Any case within Smart SOAR can be exported as a standalone report. This report includes an executive summary, completed tasks, artifacts, and more. For MSSPs, this report can be white-labeled and shared with your clients.
Customer Requirement: The case management system should have role-based access control.
All users with Smart SOAR are assigned roles and groups. These roles have specific permissions and access to incidents can be assigned based on role or group. As an example, the user with the following permissions will be able to view any cases assigned to their group but will not be able to edit them.
Customer Requirement: The case management system should have the ability to have multiple users assigned to a case.
Although there will always be one owner of a case in Smart SOAR, multiple investigators can be added at any point. Further, their access to specific pending tasks and playbook results can be limited to Edit or Read-Only permissions.
Customer Requirement: The case management system should allow sharing info with external parties.
Smart SOAR is the only SOAR tool with a secondary investigation dashboard for external parties. This is typically used by Managed Security Service Providers (MSSPs) who need to send specific cases to their clients for review and response. Users with the Client role will be able to log into this investigation dashboard and review cases assigned to them.
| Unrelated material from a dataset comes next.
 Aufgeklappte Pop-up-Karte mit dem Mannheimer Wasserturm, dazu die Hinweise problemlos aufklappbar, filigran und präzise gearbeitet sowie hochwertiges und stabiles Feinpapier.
Customer Requirement: The cases should be queryable via API for use in external reporting and analytics software.
All commands within Smart SOAR can be executed via API. The command Search Incident is built specifically for this purpose. Users can call this command to retrieve a list of cases that match their search criteria.
Customer Requirement: Cases should be stored for 60-90 days.
Within Smart SOAR, the default retention period for cases is 90 days.
Customer Requirement: The case management system should have an indexable and searchable artifact storage.
All artifacts are searchable within Smart SOAR. In the below example, they are organized by type and sorted by descending number of cases in which they are seen.
Mature security teams are finding themselves with multiple alert queues, and each tool with a unique approach to case management. By centralizing those alerts inside of Smart SOAR, analysts and incident responders only need to understand one case structure and can rely on automation behind the scenes to keep all alert queues in sync.
Smart SOAR’s case management capabilities are robust and continually expanding. They are complemented with built-in reporting and analytics and a two-tiered automation design to offer a holistic incident response solution.
The post What Enterprise Security Teams Expect from Case Management Solutions appeared first on D3 Security.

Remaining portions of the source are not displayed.